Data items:

____________________

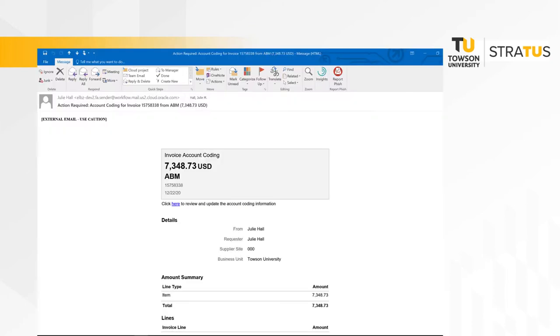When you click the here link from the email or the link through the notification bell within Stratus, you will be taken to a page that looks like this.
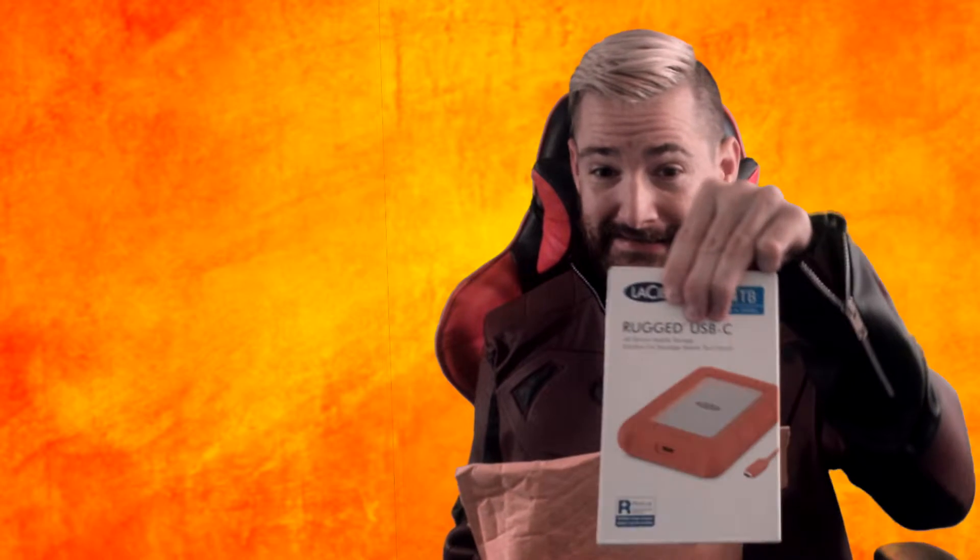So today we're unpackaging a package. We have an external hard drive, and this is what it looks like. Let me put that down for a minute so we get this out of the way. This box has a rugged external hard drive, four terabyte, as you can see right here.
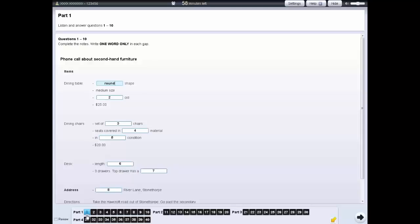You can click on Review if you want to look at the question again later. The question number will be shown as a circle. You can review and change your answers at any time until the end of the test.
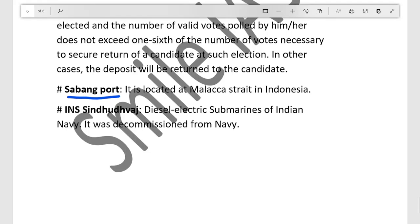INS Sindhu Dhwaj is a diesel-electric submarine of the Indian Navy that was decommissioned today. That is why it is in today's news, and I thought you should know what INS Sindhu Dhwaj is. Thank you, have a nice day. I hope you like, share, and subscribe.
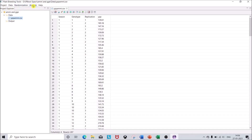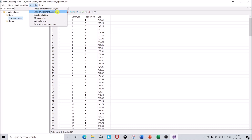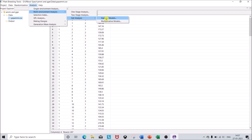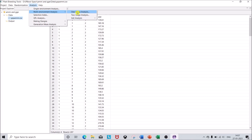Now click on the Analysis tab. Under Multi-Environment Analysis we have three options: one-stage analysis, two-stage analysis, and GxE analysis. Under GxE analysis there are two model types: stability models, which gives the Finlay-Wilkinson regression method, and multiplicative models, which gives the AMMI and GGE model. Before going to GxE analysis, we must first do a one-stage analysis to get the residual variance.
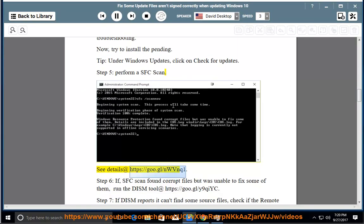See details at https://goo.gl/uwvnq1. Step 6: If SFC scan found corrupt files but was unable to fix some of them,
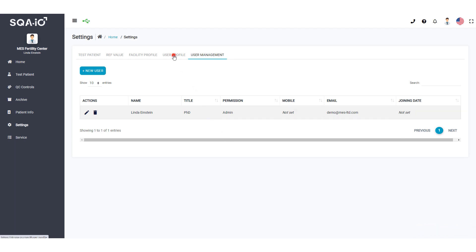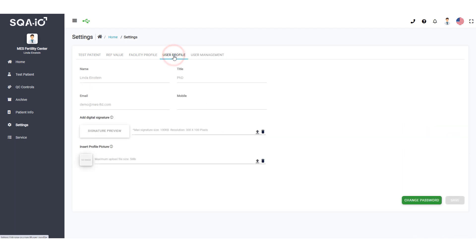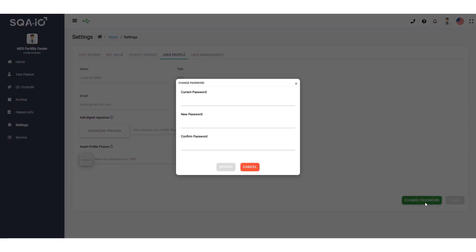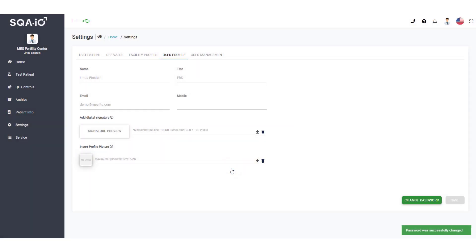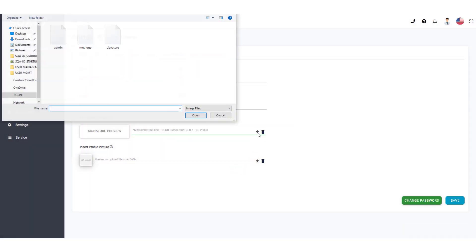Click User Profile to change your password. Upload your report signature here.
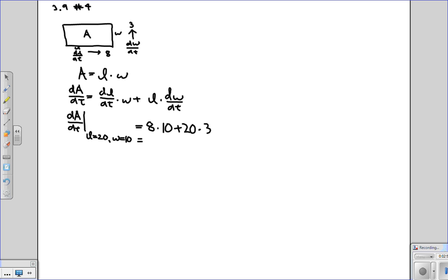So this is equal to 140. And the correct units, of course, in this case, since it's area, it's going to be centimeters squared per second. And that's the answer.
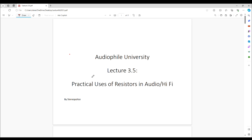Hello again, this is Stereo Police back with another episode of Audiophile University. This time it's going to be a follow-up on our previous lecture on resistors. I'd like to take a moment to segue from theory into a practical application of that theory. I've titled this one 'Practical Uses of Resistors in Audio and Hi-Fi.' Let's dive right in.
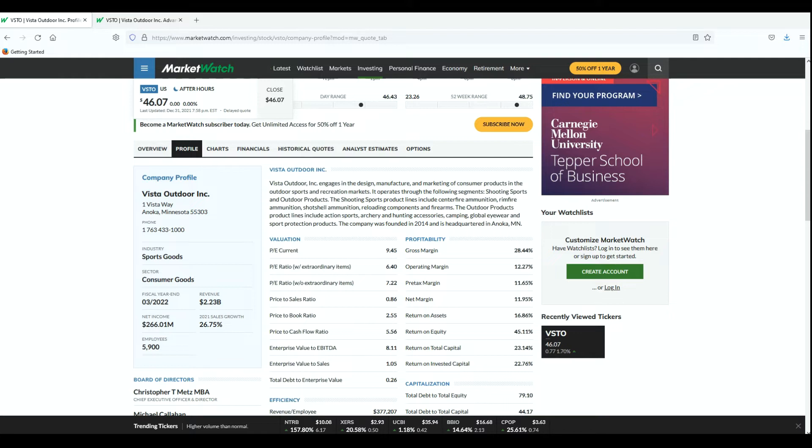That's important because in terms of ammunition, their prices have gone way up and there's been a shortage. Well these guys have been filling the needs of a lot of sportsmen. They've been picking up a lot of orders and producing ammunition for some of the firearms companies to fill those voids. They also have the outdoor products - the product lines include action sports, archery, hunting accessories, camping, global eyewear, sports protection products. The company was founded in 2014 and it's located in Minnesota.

____________________

**WHAT YOU HAVE TO DO**
Set down all of the data word for word; no pictures belong in it.

**ANSWER BOX**
When you click the here link from the email or the link through the notification bell within Stratus, you will be taken to a page that looks like this.
So today we're unpackaging a package. We have an external hard drive, and this is what it looks like. Let me put that down for a minute so we get this out of the way. This box has a rugged external hard drive, four terabyte, as you can see right here.
You can click on Review if you want to look at the question again later. The question number will be shown as a circle. You can review and change your answers at any time until the end of the test.
INS Sindhu Dhwaj is a diesel-electric submarine of the Indian Navy that was decommissioned today. That is why it is in today's news, and I thought you should know what INS Sindhu Dhwaj is. Thank you, have a nice day. I hope you like, share, and subscribe.
Now click on the Analysis tab. Under Multi-Environment Analysis we have three options: one-stage analysis, two-stage analysis, and GxE analysis. Under GxE analysis there are two model types: stability models, which gives the Finlay-Wilkinson regression method, and multiplicative models, which gives the AMMI and GGE model. Before going to GxE analysis, we must first do a one-stage analysis to get the residual variance.
See details at https://goo.gl/uwvnq1. Step 6: If SFC scan found corrupt files but was unable to fix some of them,
Click User Profile to change your password. Upload your report signature here.
So this is equal to 140. And the correct units, of course, in this case, since it's area, it's going to be centimeters squared per second. And that's the answer.
Hello again, this is Stereo Police back with another episode of Audiophile University. This time it's going to be a follow-up on our previous lecture on resistors. I'd like to take a moment to segue from theory into a practical application of that theory. I've titled this one 'Practical Uses of Resistors in Audio and Hi-Fi.' Let's dive right in.
That's important because in terms of ammunition, their prices have gone way up and there's been a shortage. Well these guys have been filling the needs of a lot of sportsmen. They've been picking up a lot of orders and producing ammunition for some of the firearms companies to fill those voids. They also have the outdoor products - the product lines include action sports, archery, hunting accessories, camping, global eyewear, sports protection products. The company was founded in 2014 and it's located in Minnesota.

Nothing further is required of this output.